Compressed ligand screening

To perform compressed ligand screening on PDAC organoids, cells were expanded as described, resuspended in OWRNA medium with 10% (v/v) Matrigel and seeded at 20,000 single cells in 35 µl per well into a flat-bottom ultralow attachment 96-well assay plate (Corning, 3474) 1 day before dispensing ligands. A CS was designed by randomly assigning 68 ligands (Supplementary Table 1) to 72 pools such that each pool contained four or five ligands (average of 4.75 ligands per pool). Two such plates were designed, with distinct random assignment of ligands to pools in each plate. Ligands were first dispensed into 25 µl per well of OWRNA medium in a 384-well format transfer plate (in a quadrant-wise manner). After ligand dispense, each well was backfilled with an additional 50 µl per well of OWRNA medium. Next, 65 µl per well was transferred with a Tecan Freedom Evo 150 from each transfer plate quadrant into the 96-well assay plate with PDAC organoids, making a final total volume of 100 µl per well in the assay plate. Ligand concentration was modified to account for the multistage transfer such that final assay plate concentrations were as reported (Supplemental Table 1). Assay plates were cultured for 7 days at 37 °C in 5% CO2 and processed for scRNA-seq with cell hashing as described below.

Single-ligand screening

A total of 11 candidate ligands were tested independently for their effects on cell state: 50 ng ml−1 recombinant human (rHu) Wnt7A, 500 ng ml−1 rHu RSPO3, 10 ng ml−1 rHu TNF, 10 ng ml−1 rHu IL-13, 10 ng ml−1 rHu IL-4, 10 ng ml−1 rHu IFNγ, 10 ng ml−1 rHu IL-1A, 10 ng ml−1 rHu IL-1B, 10 ng ml−1 rHu TGFβ1, 25 ng ml−1 rHu ADIPOQ and 10 ng ml−1 rHu activin A (Peprotech). The same batch of organoids used in the original screen (PANFR0562) was used for the validation experiment; the organoids were all cultured and maintained in ‘OWRNA’ medium. Additional details on culture conditions and processing can be found in Supplementary Information.

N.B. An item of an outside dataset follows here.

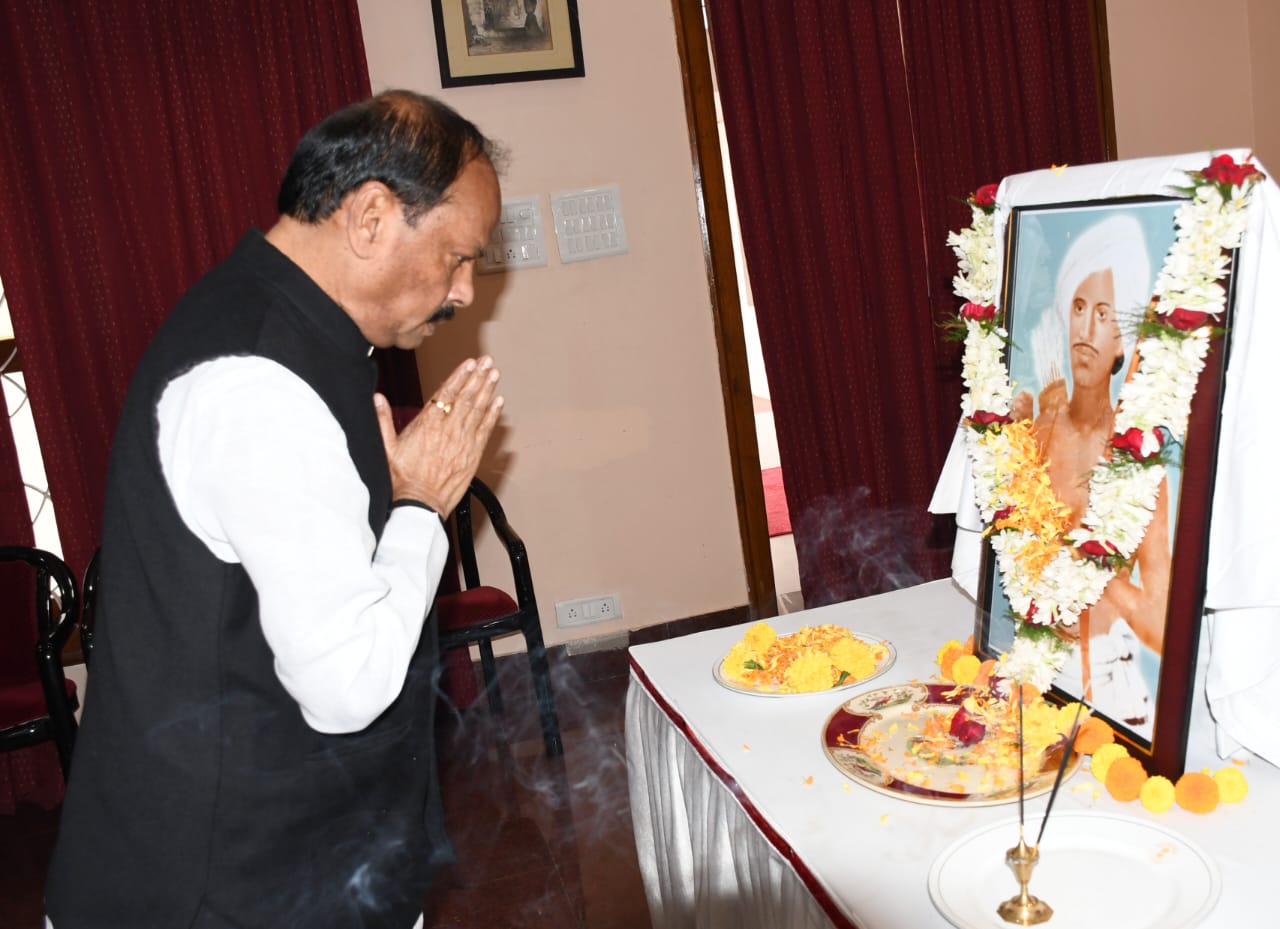 Hon'ble Governor Shri Raghubar Das paid rich tributes to the legendary leader and social reformer on the birth anniversary of Saheed Birsa Munda, Date: 15-11-2023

PDAC scRNA-seq with cell hashing

PDAC organoids for CSs and validation experiments were dissociated to single cells, hashed with antibody-derived oligo tags, pooled and captured for scRNA-seq by Honeycomb Bio HIVEs. Full details can be found in Supplementary Information.

Compressed 90-drug MOA screen

PBMCs were isolated from whole blood by density centrifugation with Ficoll-Paque PLUS (Cytiva, 17144002), followed by red blood cell (RBC) lysis with 1× RBC lysis solution (Invitrogen, 50-112-9751). PBMCs were resuspended and cultured in ATCC-modified RPMI 1640 medium (Thermo Fisher, A1049101) supplemented with 10% FBS. For viability screens and scRNA-seq experiments, fresh PBMCs were seeded at a density of 3 × 105 cells in 200 μl per well in either a canonical v-bottom 96-well plate (Caplugss Evergreen, 222-8031-1V)—to be processed for sequencing—or a white, flat-bottom 96-well plate (Perkin Elmer, 6005680)—to be processed for cell viability—preloaded with drugs to be screened using the Echo 555 Liquid Handler (Beckman Coulter, E555-1115). Briefly, the Echo uses acoustic droplet ejection technology, whereby sound waves eject precisely sized droplets from the compound source plate onto the destination plate suspended above. A CS was designed by randomly assigning 90 drugs (https://github.com/jump-cellpainting/JUMP-MOA) to 45 pools (along with three DMSO-only wells for a total of 48 wells) such that each pool contained six drugs, each at a volume of 0.1 μl with a final concentration of 3 μM for each drug after the addition of 200 μl of PBMCs. Two such plates were designed, with distinct random assignment of ligands to pools in each plate. Cells were then allowed to rest for 16 h at 37 °C in 5% CO2 before acute stimulation with 5 μg ml−1 LPS (Thermo Fisher, 00-4976-93), 10 ng ml−1 IFNβ (Peprotech, 300-02BC-5UG) or no-stimulant control for 4 h. A total of 300,000 cells were sufficient to test viability; however, to ensure that we obtained an adequate number of cells for sequencing, we had duplicate plates of each condition, giving us a total of 600,000 cells per condition.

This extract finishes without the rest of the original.